Apply node that caused the error: GeneratorOp{generator=<pymc3.data.GeneratorAdapter object at 0x000001D488258940>}()
Toposort index: 0
Inputs types: []
Inputs shapes: []
Inputs strides: []
Inputs values: []
Inputs type_num: []
Outputs clients: [[Elemwise{sub,no_inplace}(GeneratorOp{generator=<pymc3.data.GeneratorAdapter object at 0x000001D488258940>}.0, InplaceDimShuffle{x,x}.0), Shape_i{1}(GeneratorOp{generator=<pymc3.data.GeneratorAdapter object at 0x000001D488258940>}.0), Shape_i{0}(GeneratorOp{generator=<pymc3.data.GeneratorAdapter object at 0x000001D488258940>}.0), Elemwise{Sub}[(0, 0)](GeneratorOp{generator=<pymc3.data.GeneratorAdapter object at 0x000001D488258940>}.0, InplaceDimShuffle{x,x}.0)]]

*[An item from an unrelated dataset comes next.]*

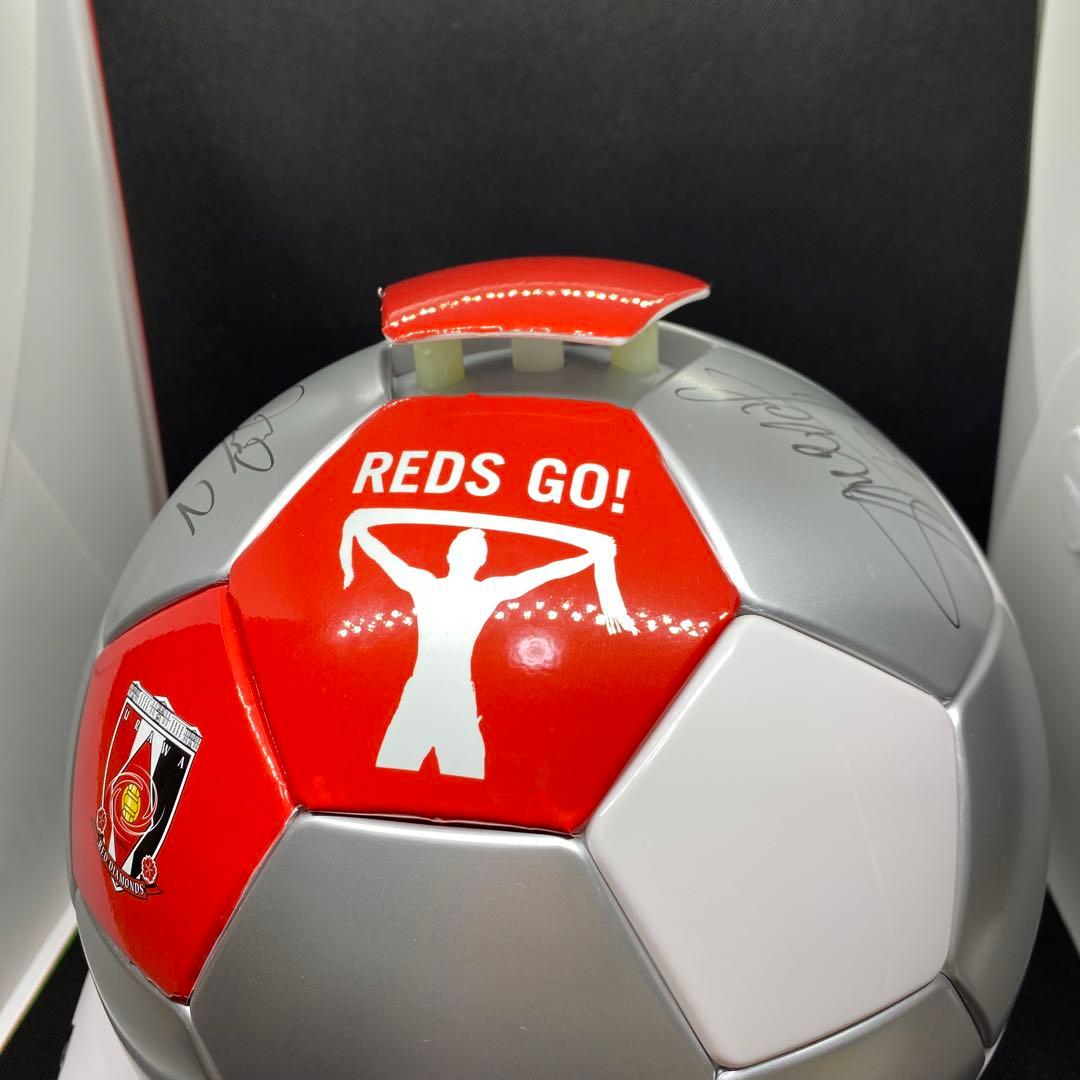 浦和レッズオリジナルサッカーボール型冷温庫RG-S04 サイン入り良品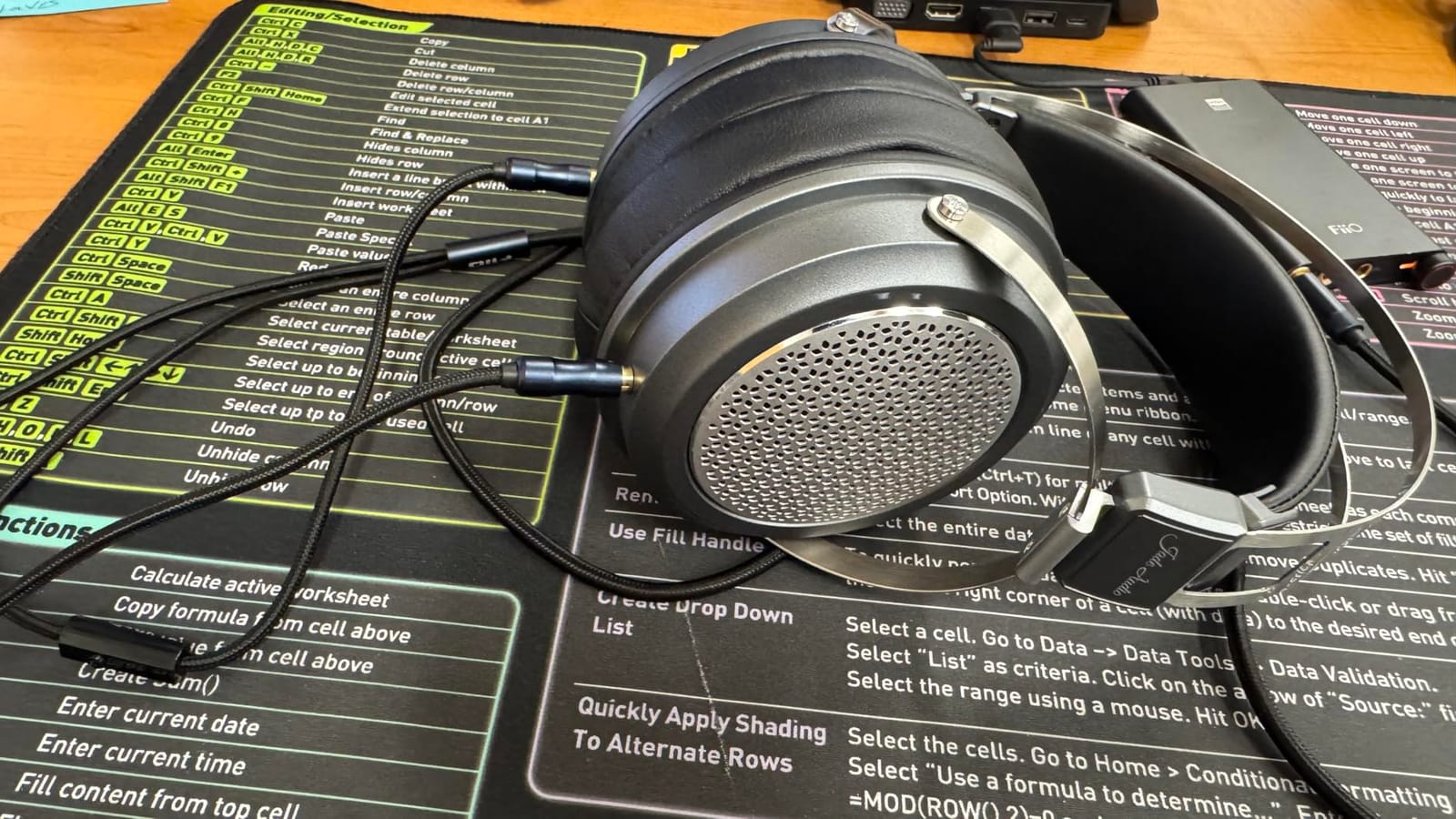 FiiO JadeAudio JT1 Professional Studio Headphones for Recording Gaming Headset customer photo 2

Debugprint of the apply node: 
GeneratorOp{generator=<pymc3.data.GeneratorAdapter object at 0x000001D488258940>} [id A] <TensorType(float64, matrix)> ''   

So it’s probably not quite right :slight_smile: Can anybody offer guidance on how to make a minibatch behave the way I want? Thanks!

Here is some example code, hope you find helpful:

def gen1(batchsize, totalsize):
    i = 0
    k = totalsize // batchsize
    while True:
        yield np.arange(batchsize) + batchsize * i
        i += 1
        # reset counter
        if i == k:
            i = 0


genvar = pm.generator(gen1(100, 1000))

X = np.random.randn(1000, 5)
beta = np.random.randn(5, 1)
y = X.dot(beta) + np.random.randn(1000, 1) * .75

Xshared = theano.shared(X)
yshared = theano.shared(y)
with pm.Model() as m:
    b = pm.Normal('b', 0., 100., shape=(5, 1))
    sd = pm.HalfNormal('sd', 5.)
    yhat = tt.dot(Xshared[genvar], b)
    obs = pm.Normal('y', yhat, sd, observed=yshared[genvar])
    approx = pm.fit()

Hi Junpenglao, this appears to do exactly what I wanted. Thank you for your help! So the key here is that we’re generating the indices for our minibatches, not the actual slices of data themselves, right?

You can also wrap the data in the generator to get the actual slice of data, but I prefer this way a little bit more.